Assemblywoman Laura Friedman (D-Glendale) hosted a forum Friday at Brand Library in Glendale, during which members of a panel discussed the possible impacts of self-driving vehicles on communities and commuters.
The event rounded out Glendale’s annual Tech Week, created in 2016 to provide a series of events surrounding advancements and innovations in the tech industry.
Juanita Martinez, a regional manager for General Motors, said autonomous vehicles will be available to the public, but the level of autonomy will vary.
The automaker currently sells vehicles with self-driving features, but the company’s system and the one found in Tesla’s vehicles require the driver to remain engaged throughout the drive.
Martinez said General Motors has been working on a fully autonomous vehicle that doesn’t require a driver, and it plans to implement a small fleet of those cars in a controlled environment next year.
“Before we ever put an autonomous vehicle out on the road for public use, we are looking at the safety of those vehicles and we’re doing thousands of hours of testing,” she said.
Rena Davis, senior public policy manager for Lyft, said the ride-sharing company is also developing its own fleet of fully autonomous vehicles, adding that driverless vehicles could appear within our lifetime.
Lyft is currently testing its autonomous systems in Las Vegas, where passengers can catch a ride around the city in a self-driving vehicle. However, these cars still have a driver and co-driver in the front seats should anything go wrong.
“If anybody’s got kids getting ready to start in high school in the next couple of years, they might be going to prom in an [autonomous vehicle],” Davis said.
While companies like General Motors and Lyft have ambitions to bring self-driving cars to the masses, Caltech researcher Jin Ge said there are still many hurdles to overcome when building a fully autonomous vehicle.
She outlined the levels of automation developed by the Society of Automotive Engineers International.
Level zero means zero autonomy, which means the driver controls the speed and direction of the vehicle.
The self-driving cars on the road today are at level two, which means the vehicle can adjust speed and steer but requires a driver to be behind the wheel and pay attention to road conditions.
Ge said technology is available to build a vehicle with level-four or level-five automation, in which the car is in full control and requires no input from the driver.
However, problems lie within designing and engineering the software that lets vehicles drive themselves.
She said vehicles can be programmed to do specific actions when certain incidents occur, like braking if they detect a child or stop sign ahead. However, engineers have yet to find a way to let vehicles understand ethical driving behaviors, such as pulling over when involved in a crash.
As partially self-driving vehicles become more prevalent, Marcel Porras, chief sustainability officer for the Los Angeles Department of Transportation, said cities should be looking at ways to prepare their infrastructures to accommodate autonomous cars.

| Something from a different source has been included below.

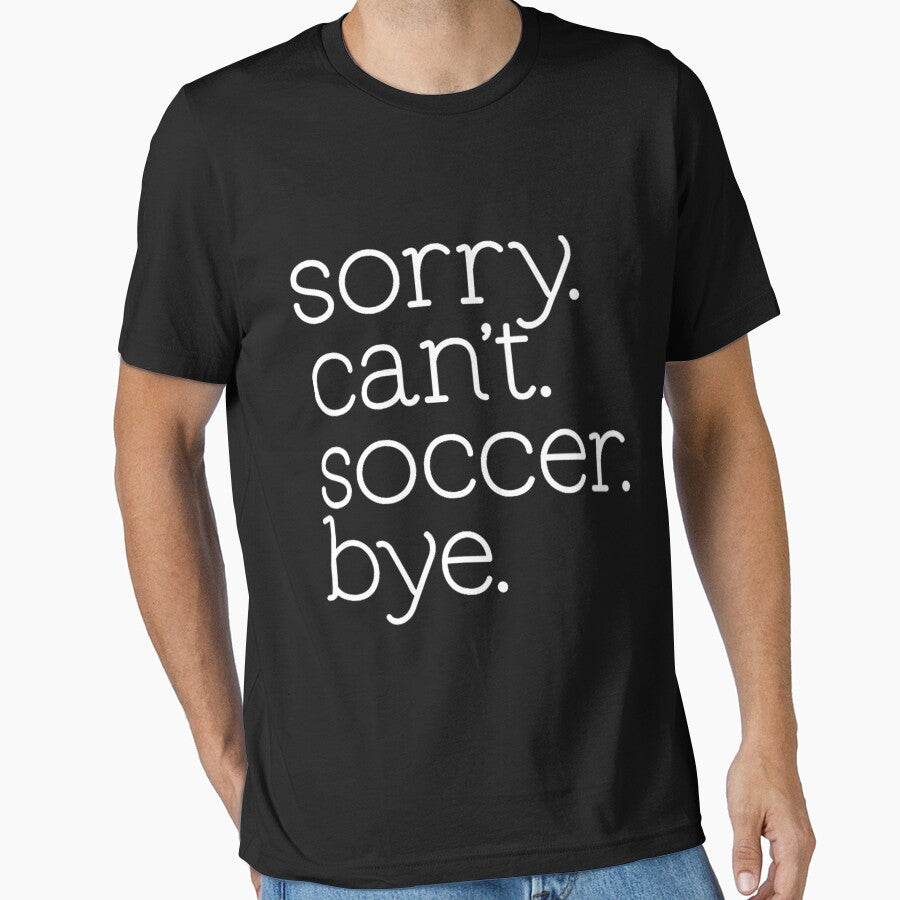 Sorry Can't Soccer Bye Funny Soccer Team Soccer Mom by ZacharyCBritton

One way city officials can help themselves and automakers is if they start digitizing their infrastructures. This would allow car engineers to use the city’s data to know every street, traffic signal and stop sign and input that information into the vehicles to improve traffic flow.
“We’ve started thinking thoughtfully about what is the role of [autonomous vehicles] and how can this new technology improve our lives rather than further separate our communities,” Porras said.